Tra questi molteplici
chiaroscuri, l’affidamento condiviso resta oggi una grande opportunità,
per i genitori, di dimostrare ai figli l’amore e il senso di
responsabilità che li tiene legati, a prescindere dalla vicenda della
separazione.
Benedetta Verrini
L’affido condiviso? E’ rimasto sulla carta.
Quella grande rivoluzione, rappresentata dall’affermazione del
principio di bigenitorialità come valore da difendere in tutti i casi di
separazione, non è ancora riuscita a realizzare il cambiamento sperato.
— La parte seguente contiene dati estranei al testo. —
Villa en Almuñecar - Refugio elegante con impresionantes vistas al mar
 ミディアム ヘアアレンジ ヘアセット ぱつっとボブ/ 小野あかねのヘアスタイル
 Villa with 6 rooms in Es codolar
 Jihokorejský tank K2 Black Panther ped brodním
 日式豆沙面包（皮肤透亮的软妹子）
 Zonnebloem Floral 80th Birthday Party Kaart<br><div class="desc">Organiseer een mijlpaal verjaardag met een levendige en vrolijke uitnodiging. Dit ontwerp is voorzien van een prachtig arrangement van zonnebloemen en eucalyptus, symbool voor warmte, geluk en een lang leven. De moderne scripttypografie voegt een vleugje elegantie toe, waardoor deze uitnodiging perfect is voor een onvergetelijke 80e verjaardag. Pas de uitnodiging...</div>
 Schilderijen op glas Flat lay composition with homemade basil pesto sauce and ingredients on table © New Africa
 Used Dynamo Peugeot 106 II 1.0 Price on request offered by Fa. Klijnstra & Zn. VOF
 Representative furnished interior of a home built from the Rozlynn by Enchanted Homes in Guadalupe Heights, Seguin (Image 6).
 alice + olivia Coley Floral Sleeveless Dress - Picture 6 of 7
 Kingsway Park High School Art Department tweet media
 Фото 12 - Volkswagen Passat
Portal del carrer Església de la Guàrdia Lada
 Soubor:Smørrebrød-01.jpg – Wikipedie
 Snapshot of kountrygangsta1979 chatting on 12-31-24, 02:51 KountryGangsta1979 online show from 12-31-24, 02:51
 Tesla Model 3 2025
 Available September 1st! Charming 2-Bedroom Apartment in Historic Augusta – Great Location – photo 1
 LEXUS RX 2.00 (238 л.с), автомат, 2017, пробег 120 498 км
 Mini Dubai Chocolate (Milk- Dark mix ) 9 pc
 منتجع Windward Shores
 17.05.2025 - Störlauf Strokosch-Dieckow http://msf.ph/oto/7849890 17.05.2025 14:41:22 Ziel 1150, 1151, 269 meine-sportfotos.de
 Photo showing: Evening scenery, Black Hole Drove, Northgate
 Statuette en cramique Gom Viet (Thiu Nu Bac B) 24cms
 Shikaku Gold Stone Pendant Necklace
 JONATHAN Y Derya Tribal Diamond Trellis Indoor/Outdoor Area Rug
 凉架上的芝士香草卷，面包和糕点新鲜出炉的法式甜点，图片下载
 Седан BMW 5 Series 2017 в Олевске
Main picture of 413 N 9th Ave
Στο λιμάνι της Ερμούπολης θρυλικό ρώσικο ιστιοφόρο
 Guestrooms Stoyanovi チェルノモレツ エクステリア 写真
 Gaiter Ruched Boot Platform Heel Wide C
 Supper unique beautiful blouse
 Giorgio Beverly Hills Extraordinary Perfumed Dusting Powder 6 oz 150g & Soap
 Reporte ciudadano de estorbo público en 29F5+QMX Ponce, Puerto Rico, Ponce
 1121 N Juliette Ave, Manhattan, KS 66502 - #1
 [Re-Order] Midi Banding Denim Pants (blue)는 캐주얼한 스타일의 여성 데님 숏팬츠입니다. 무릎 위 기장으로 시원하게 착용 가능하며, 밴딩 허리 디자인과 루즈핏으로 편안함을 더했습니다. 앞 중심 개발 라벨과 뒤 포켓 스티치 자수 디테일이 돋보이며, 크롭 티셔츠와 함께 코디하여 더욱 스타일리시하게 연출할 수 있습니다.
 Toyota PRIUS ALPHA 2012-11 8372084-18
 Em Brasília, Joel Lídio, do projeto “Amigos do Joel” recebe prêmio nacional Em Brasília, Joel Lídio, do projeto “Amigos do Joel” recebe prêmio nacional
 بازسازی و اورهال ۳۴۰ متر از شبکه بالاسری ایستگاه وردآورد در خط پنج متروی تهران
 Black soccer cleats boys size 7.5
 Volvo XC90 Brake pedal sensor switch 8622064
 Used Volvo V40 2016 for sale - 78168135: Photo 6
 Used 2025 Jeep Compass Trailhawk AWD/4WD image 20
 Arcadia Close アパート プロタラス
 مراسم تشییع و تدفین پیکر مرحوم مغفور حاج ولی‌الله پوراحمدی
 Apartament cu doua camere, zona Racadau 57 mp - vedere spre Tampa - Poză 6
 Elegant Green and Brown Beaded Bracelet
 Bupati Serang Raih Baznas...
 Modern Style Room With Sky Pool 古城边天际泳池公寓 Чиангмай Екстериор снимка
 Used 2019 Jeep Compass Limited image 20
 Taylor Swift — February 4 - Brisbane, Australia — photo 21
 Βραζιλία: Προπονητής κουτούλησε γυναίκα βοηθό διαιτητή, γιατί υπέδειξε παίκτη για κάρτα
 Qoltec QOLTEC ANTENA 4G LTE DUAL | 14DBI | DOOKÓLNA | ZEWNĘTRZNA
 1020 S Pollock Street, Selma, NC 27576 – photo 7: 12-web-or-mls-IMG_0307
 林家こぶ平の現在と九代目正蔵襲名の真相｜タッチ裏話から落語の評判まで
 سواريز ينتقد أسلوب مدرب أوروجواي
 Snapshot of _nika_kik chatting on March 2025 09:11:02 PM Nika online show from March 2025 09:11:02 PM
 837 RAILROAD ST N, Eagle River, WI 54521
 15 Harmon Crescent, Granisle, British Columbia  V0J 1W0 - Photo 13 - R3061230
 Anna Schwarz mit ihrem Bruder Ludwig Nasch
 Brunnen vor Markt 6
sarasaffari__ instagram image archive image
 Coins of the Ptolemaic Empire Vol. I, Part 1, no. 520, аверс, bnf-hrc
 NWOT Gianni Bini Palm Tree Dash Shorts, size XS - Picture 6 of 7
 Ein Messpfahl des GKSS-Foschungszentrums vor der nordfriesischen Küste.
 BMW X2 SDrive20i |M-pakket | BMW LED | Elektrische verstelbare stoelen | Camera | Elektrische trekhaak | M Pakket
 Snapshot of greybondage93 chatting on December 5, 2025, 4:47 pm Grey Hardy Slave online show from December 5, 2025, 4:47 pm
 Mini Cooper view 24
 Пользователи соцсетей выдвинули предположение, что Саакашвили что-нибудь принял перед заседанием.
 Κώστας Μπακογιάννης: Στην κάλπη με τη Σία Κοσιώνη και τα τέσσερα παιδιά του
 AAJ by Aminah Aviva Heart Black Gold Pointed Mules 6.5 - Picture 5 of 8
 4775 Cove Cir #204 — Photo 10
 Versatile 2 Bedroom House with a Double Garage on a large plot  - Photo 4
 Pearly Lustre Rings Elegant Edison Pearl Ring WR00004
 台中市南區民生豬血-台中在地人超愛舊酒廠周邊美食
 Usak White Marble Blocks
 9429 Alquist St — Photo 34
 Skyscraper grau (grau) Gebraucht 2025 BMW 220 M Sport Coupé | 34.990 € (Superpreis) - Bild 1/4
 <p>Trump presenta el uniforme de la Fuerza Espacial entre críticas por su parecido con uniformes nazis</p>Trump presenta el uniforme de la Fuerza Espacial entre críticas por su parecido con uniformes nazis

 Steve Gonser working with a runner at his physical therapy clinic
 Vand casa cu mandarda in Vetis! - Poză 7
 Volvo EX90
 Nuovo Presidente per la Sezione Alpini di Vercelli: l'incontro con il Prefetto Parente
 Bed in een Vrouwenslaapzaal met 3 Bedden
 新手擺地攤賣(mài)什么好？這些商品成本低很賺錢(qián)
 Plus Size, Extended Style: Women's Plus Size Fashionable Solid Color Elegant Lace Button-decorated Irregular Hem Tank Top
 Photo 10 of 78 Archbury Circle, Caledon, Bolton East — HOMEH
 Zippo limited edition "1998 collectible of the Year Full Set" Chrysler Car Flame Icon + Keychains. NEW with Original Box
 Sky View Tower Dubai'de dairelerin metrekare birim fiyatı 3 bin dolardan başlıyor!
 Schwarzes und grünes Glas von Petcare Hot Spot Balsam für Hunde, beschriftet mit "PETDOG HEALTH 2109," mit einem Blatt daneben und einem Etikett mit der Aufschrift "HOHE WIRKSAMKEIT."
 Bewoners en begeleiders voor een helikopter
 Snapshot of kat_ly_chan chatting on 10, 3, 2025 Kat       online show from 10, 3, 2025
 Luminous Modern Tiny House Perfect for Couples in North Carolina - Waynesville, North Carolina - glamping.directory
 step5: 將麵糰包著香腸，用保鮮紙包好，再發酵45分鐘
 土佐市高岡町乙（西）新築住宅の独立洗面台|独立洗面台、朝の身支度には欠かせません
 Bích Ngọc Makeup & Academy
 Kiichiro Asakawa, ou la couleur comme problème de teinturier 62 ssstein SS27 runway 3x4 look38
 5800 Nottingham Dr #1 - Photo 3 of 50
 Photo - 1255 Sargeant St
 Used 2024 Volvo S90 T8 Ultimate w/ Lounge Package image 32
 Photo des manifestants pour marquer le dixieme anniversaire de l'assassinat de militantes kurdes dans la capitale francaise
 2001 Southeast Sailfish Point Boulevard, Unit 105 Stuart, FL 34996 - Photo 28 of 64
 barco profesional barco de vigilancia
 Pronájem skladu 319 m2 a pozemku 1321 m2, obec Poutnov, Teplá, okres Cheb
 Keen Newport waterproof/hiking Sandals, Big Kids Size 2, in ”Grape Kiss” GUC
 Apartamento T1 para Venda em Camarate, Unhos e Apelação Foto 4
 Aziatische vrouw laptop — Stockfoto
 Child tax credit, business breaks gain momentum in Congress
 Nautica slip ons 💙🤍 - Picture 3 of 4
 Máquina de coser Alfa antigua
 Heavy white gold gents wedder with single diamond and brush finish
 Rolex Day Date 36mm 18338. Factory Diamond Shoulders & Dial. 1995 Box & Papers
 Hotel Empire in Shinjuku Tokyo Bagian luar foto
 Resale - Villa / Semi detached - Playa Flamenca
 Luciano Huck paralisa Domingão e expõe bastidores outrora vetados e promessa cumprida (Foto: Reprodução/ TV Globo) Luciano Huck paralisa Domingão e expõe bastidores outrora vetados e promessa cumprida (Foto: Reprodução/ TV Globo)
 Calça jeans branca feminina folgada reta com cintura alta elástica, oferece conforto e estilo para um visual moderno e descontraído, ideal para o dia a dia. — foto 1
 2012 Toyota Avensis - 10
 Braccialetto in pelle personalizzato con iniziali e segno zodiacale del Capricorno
La prassi giurisprudenziale ha trovato gli escamotage per mantenere
gran parte delle separazioni in una condizione da pre-riforma. Marino Maglietta, presidente dell’associazione Crescere Insieme,
docente universitario e ispiratore della legge 54 del 2006, stila un
severo bilancio dei primi anni di applicazione dell’affidamento
condiviso.
«E’ stata adottata una - neanche troppo sottile - modifica lessicale», spiega. «Non si parla più di genitore affidatario ma di genitore collocatario.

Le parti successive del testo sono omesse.